● PROBLEM:
Could the listing be repeated exactly, with every picture dropped?

● DATASET ENTRIES:
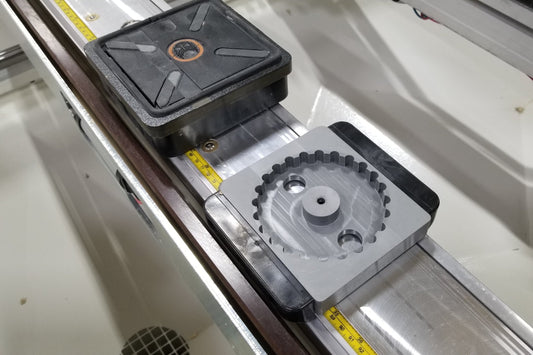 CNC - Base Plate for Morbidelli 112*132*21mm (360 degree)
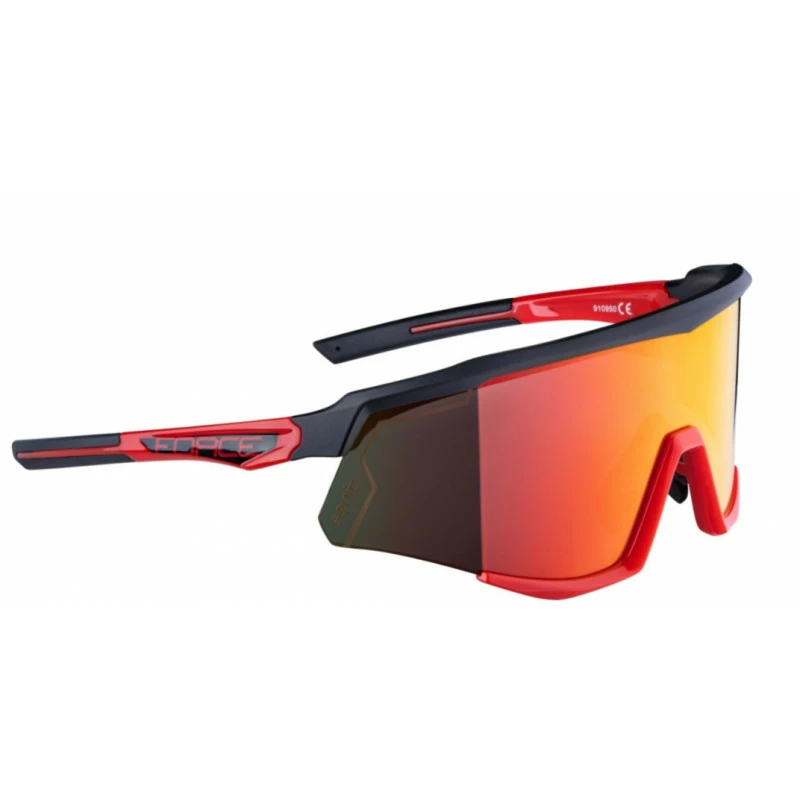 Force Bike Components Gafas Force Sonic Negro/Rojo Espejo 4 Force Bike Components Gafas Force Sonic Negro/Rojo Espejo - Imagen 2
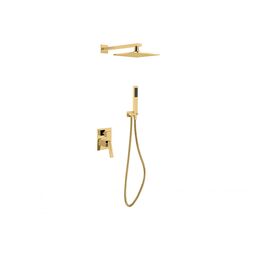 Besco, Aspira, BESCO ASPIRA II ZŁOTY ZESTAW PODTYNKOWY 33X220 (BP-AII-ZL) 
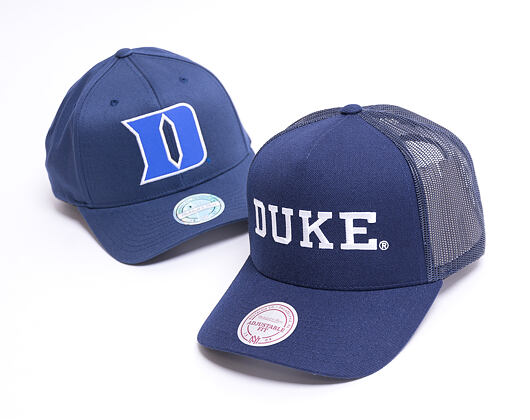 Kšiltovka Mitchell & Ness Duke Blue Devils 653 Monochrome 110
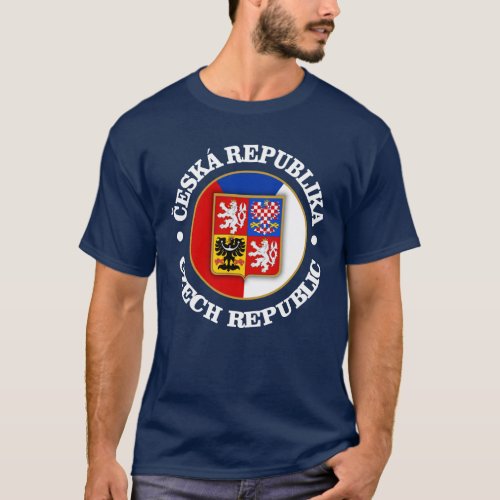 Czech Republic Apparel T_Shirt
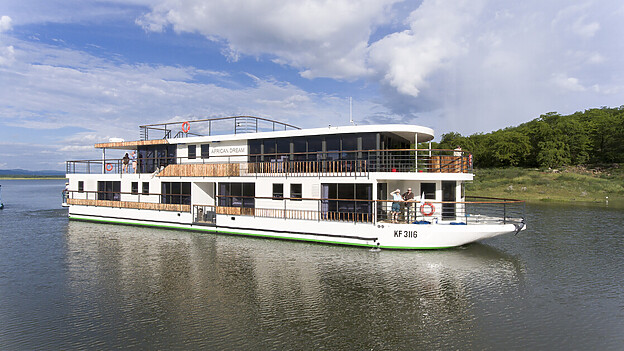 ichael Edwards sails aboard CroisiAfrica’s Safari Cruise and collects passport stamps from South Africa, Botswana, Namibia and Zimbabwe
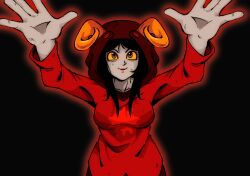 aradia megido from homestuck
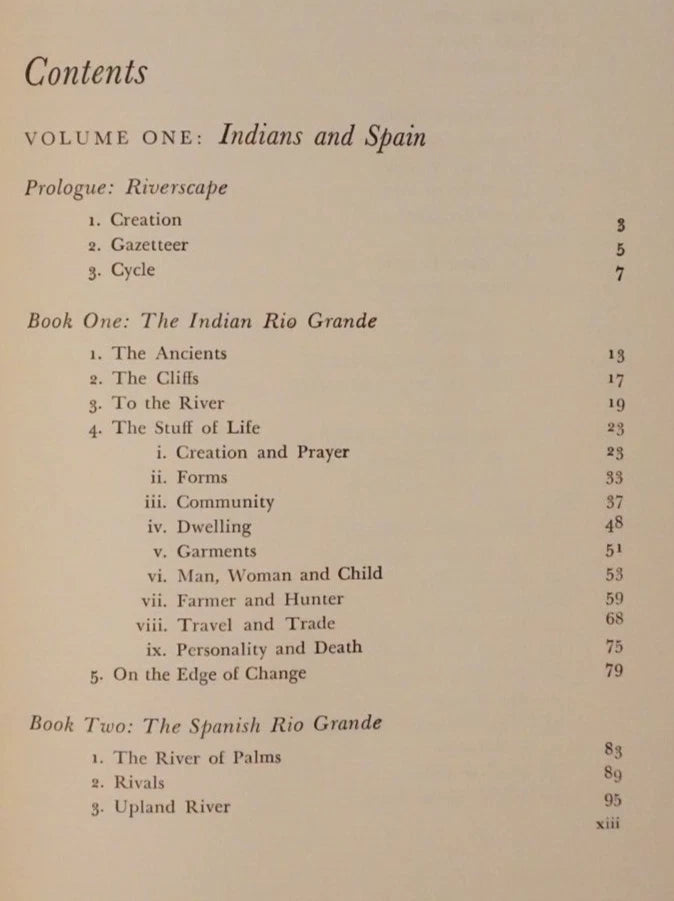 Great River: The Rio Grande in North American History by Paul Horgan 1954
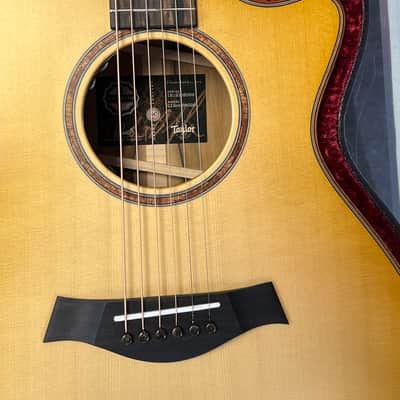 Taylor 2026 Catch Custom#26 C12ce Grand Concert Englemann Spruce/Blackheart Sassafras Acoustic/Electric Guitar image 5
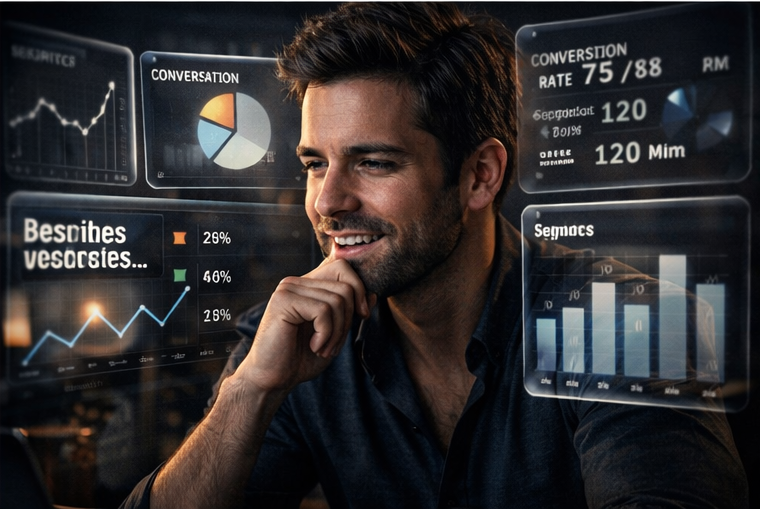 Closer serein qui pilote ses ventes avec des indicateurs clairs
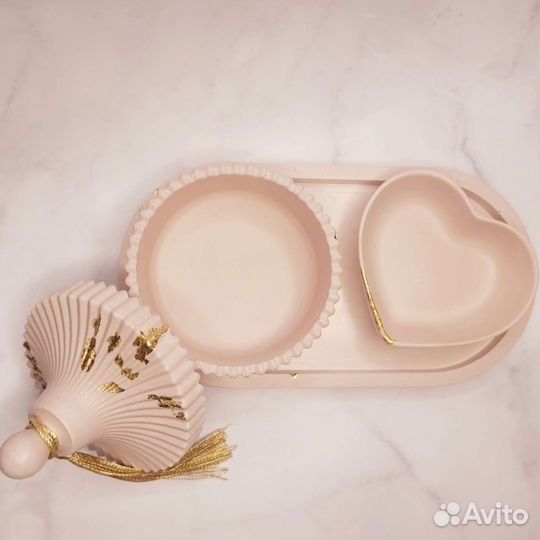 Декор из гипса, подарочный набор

● WORKED SOLUTION:
 CNC - Base Plate for Morbidelli 112*132*21mm (360 degree)
 Force Bike Components Gafas Force Sonic Negro/Rojo Espejo 4 Force Bike Components Gafas Force Sonic Negro/Rojo Espejo - Imagen 2
 Besco, Aspira, BESCO ASPIRA II ZŁOTY ZESTAW PODTYNKOWY 33X220 (BP-AII-ZL) 
 Kšiltovka Mitchell & Ness Duke Blue Devils 653 Monochrome 110
 Czech Republic Apparel T_Shirt
 ichael Edwards sails aboard CroisiAfrica’s Safari Cruise and collects passport stamps from South Africa, Botswana, Namibia and Zimbabwe
 aradia megido from homestuck
 Great River: The Rio Grande in North American History by Paul Horgan 1954
 Taylor 2026 Catch Custom#26 C12ce Grand Concert Englemann Spruce/Blackheart Sassafras Acoustic/Electric Guitar image 5
 Closer serein qui pilote ses ventes avec des indicateurs clairs
 Декор из гипса, подарочный набор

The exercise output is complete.